Stress has variably been shown to have either an enhancing or an impairing effect on memory, depending on factors like the duration of stress or the timing of stress induction (prior to memory formation, during consolidation, or prior to retrieval of the memory trace). While there is ample research regarding effects of stress on other memory systems, data on the effects of stress on threat memory reconsolidation in humans are sparse, and findings are mixed. Meir Drexler and colleagues52 administered cortisol, a stress hormone, prior to memory reactivation in healthy men, and found an enhancement of memory reconsolidation, whereas in another study, they found the opposite effect, namely, impairment of reconsolidation following a behavioral stress induction conducted before reactivation53. Remarkably, cortisol administration had no effect on the reconsolidation of threat memories in women54. It seems possible that differences in stress may have had some influence on our results. STAI-S scores were higher in the R + EWMT group than the RO group after our manipulation on day 2, although they did not increase from before to after the manipulation in the former group; the effect was driven by a decrease in state anxiety in the RO group (see Supplementary Information). Given that the R + EWMT group was perhaps more stressed than the control group, this may have induced a relative enhancement in the reconsolidation of their threat memory, countering any impairment induced by the reduction in cognitive resources during reconsolidation. We can only speculate about this possibility here, as our study did not include a direct measure of stress. Future research might include objective indices of the stress response (e.g., cortisol assays) in conjunction with subjective ratings to better illuminate a possible influence of stress on threat memory reconsolidation.

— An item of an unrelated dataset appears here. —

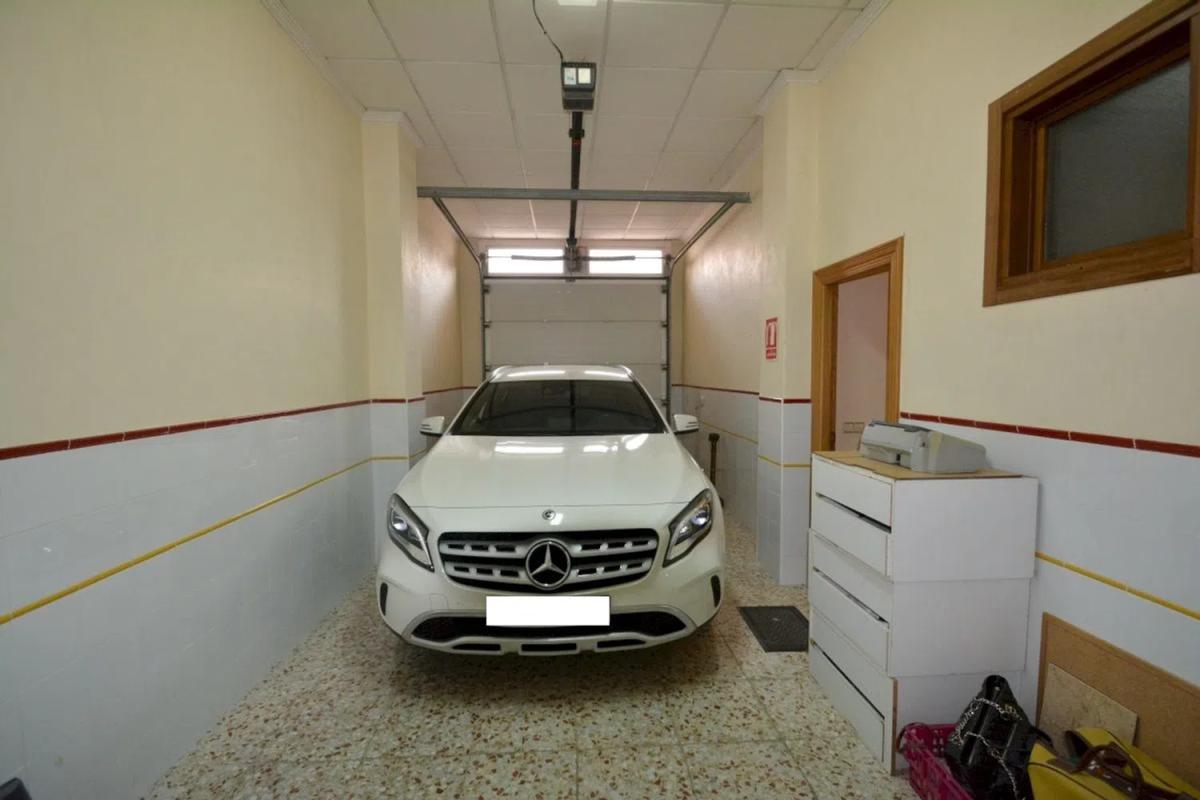 Venta de chalet independiente en Calle Lepanto, Guardamar del Segura
photo 3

The original report by James et al.16 held great promise for a simple, easy-to-use intervention to disrupt memory following its reactivation. A few follow-up investigations that build on the same rationale have also reported positive results55,56,57, but on closer inspection, those follow-up studies mostly suffer from critical limitations, such as failing to disentangle effects of game play on reconsolidation or initial consolidation (for a discussion see ref.58). Also, those replications all involved the same lab, leaving a need for independent replication of the effect. The present study was the first to use a working memory task at the time of memory retrieval to try to block the reconsolidation and attenuate the expression of a conditioned threat memory. We were unable to find evidence for the hypothesis that performing an emotional working memory task during a period of memory lability, by competing for emotional processing resources, can disrupt threat memory reconsolidation. Although there may be extraneous reasons for that failure, there is of course also the distinct possibility that the alleged mechanism of cognitive interference upon memory reactivation simply does not generalize beyond visual, trauma-like memories, or that this approach may not be very robust to begin with. Further work will be needed to elucidate whether threat memory reconsolidation can indeed be interfered with by targeting relevant working memory processes. Such work is vital for the future development of much-needed, evidence-based protocols exploiting reconsolidation interference to treat anxiety disorders.